How Jack Ma can keep a tight grip on Alibaba after an IPO

Updated: Friday September 27, 2013 MYT 8:57:43 AM

How Jack Ma can keep a tight grip on Alibaba after an IPO

NEW YORK/SAN FRANCISCO: Alibaba Group Holding Ltd founder Jack Ma wants to keep a tight grip on the Chinese e-commerce company he founded even after he takes it public, and U.S. law gives him several ways to do so. The company had planned to list in Hong Kong, but the exchange there threw cold water on Ma’s plan to give Alibaba’s insiders, who only own about 10 percent of the stock, the power to nominate a majority of the board, sources say. Regulators in the Chinese territory said that all shareholders must be treated equally.A source close to the company told Reuters that Alibaba, now effectively controlled by a group of 28 “partners” including Ma, senior executives and other insiders, is intent on keeping a similar structure when it goes public. Listing in the U.S. makes that possible, a key consideration in choosing New York over Hong Kong, the source said.

Alibaba, which some analysts estimate to be worth up to $120 billion, is the most anticipated Internet IPO since Facebook’s $16 billion offering last year. The loss of the share sale, which bankers have estimate will be worth more than $15 billion, is a blow to the Hong Kong exchange, as the listing would have added to its clout and trading volume.

Keeping a tight rein on its operations may be one way for Alibaba’s founders and top management to prevent the company from becoming victim of short-term market demands in a business that requires constant innovation and capital investments, the source said. Facebook Inc and Google Inc have made similar choices.

But while many U.S. companies, including Facebook and Google, use a dual-class stock structure to keep power within the hands of the companies’ founders, Alibaba is likely to pursue a different approach, the source said.

The source did not elaborate. But several corporate lawyers, while noting that they had no direct knowledge of the company’s plans, said that one likely route for the 28 partners would be to list Alibaba by effectively creating a new partner that would become the publicly traded company.

Setting up the corporation that way – known as an “Up-C corporation,” or umbrella partnership – can give the original partners much stronger voting rights, lawyers said.

While Japan’s Softbank Corp, which owns 35 percent of Alibaba, and Internet company Yahoo, with 24 percent, each have a seat on Alibaba’s four-person board of directors, neither company is represented among the 28 partners. In fact, there are no outside investors in the partners’ group.
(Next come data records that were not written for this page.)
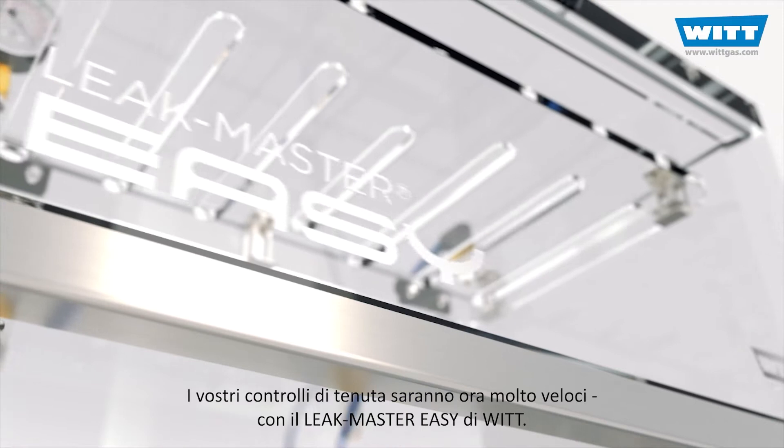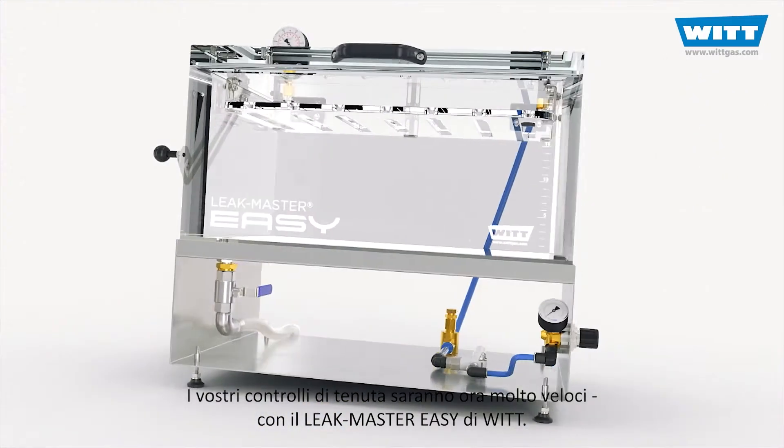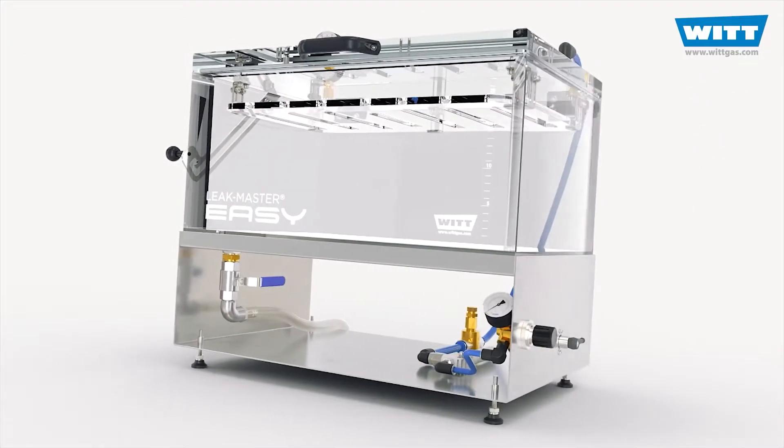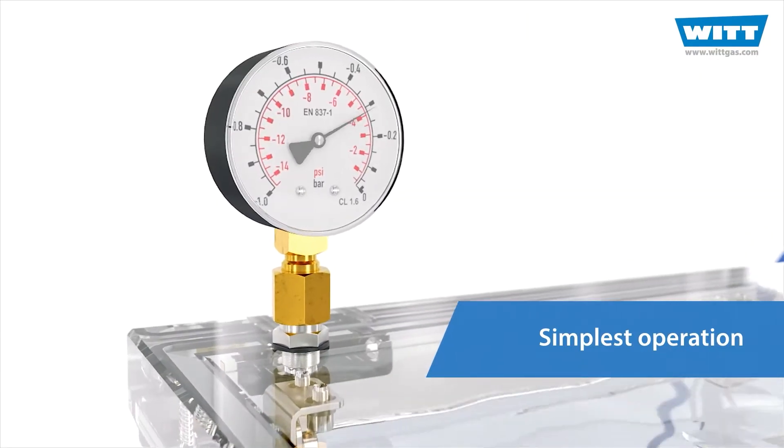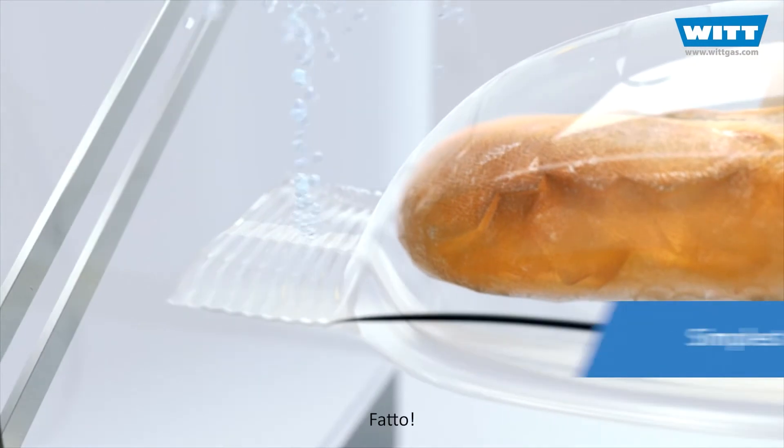Your leak testing is now very easy with the LeakMaster EZ from VIT. Insert product, create a vacuum, watch for rising bubbles. Done.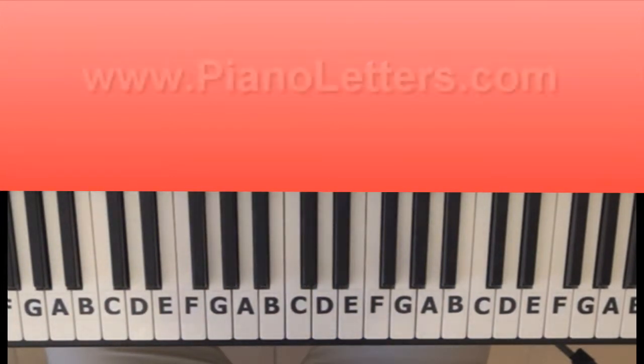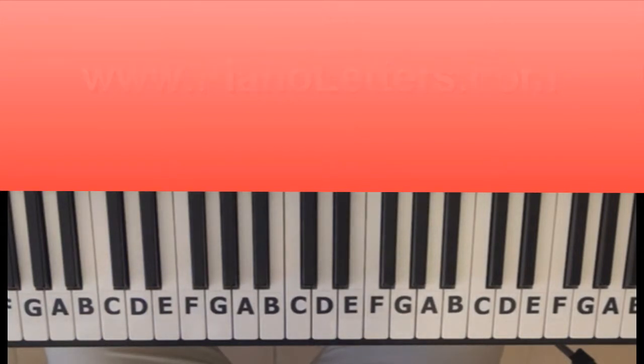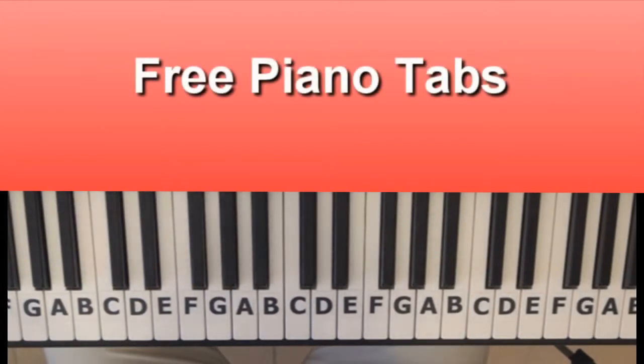Hi, today I'm going to show you how to play Love and Moral by Asher. Let's start with the chorus. I'll play it at a normal speed and then I'll slow it down so you'll be able to follow. Let's start.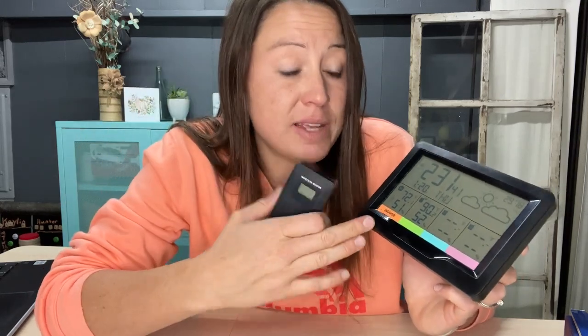Today we're looking at this multi-function weather station. These are really good to keep track of the weather and the temperature inside and outside your home. This one comes with three different sensors plus the main unit itself is a sensor, so it's going to tell you the temperature and humidity. They connect to the main unit automatically once you put in the two double-A batteries.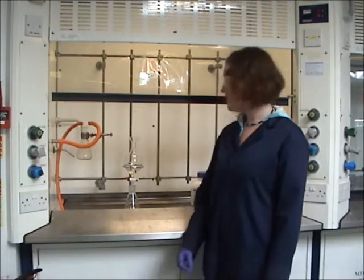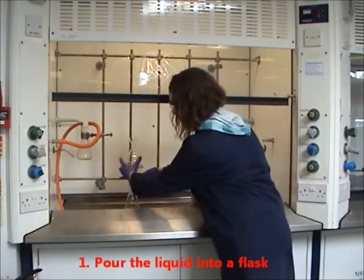I'm going to show you how to dry a liquid, for example, after an extraction. First, pour the liquid into a flask.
The partners’ powers may increase after the IPO as it gains control of an expanded board of directors. Yahoo will lose its board seat when it sells half its stake in Alibaba in the IPO.
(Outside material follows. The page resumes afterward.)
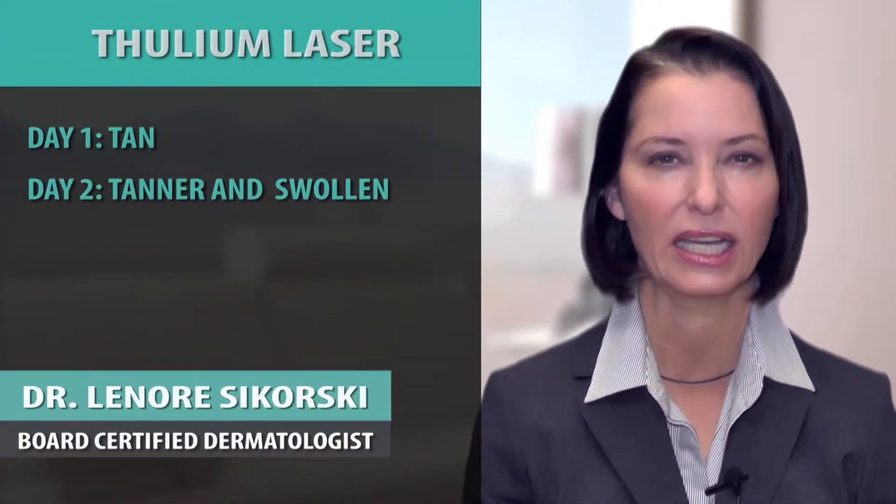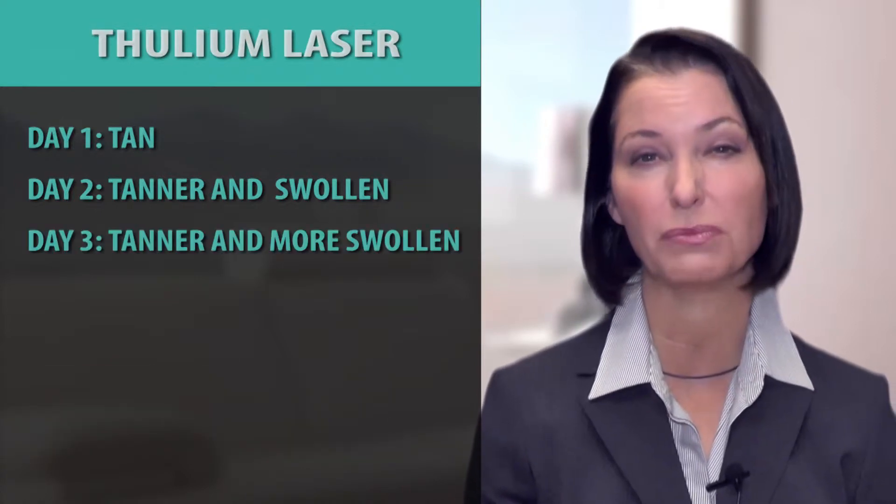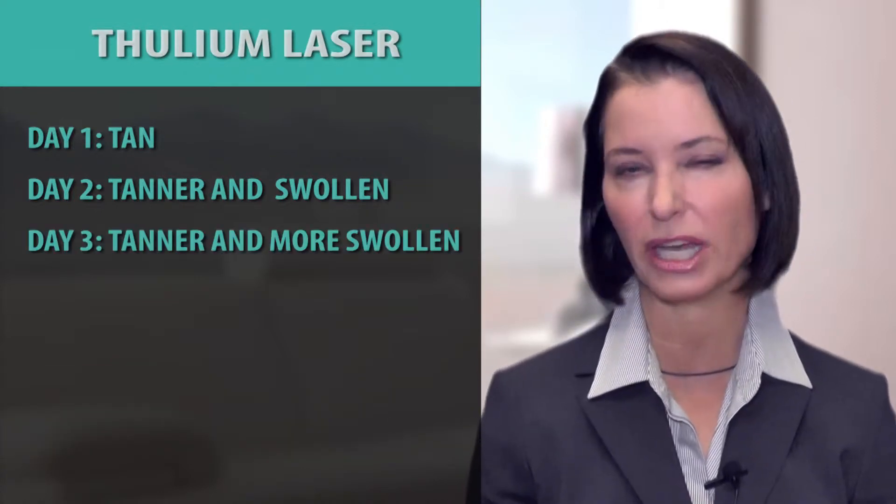The downtime looks like you're tan the first day, more tan and a little swollen the next day, a little tanner and more swollen the third day, but the fourth day you start to lose some of this brown potato-like tan.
Under the structure the company envisions, Alibaba’s shareholders would still have the ability to approve or reject all the directors. But the structure would prevent an activist investor from ever taking control of the board by nominating a majority of directors.

MAINTAINING PARTNERSHIP

While relatively rare, companies that have employed the Up-C structure include investment bank Evercore Partners Inc, payment processor Vantiv Inc and online foreign exchange provider FXCM Inc.

Some corporate governance experts say that Alibaba’s desire to maintain its partnership structure could create friction with investors.

“Short-term oriented retail investors may place very little value on voting, but longer-term institutional investors will put more weight on it,” said Jason Schloetzer, an assistant professor at Georgetown University’s McDonough School of Business.

But some institutional investors note that they have been willing to buy shares with weaker voting rights in the past, particularly at companies with a dual class shareholding structure. For example, Facebook CEO Mark Zuckerberg has almost complete control of the social media company through a dual share structure.

“Our view is that if we don’t like something management is doing, we can always sell,” said Dave Stepherson, chief investment officer at Hardesty Capital Managementin Baltimore.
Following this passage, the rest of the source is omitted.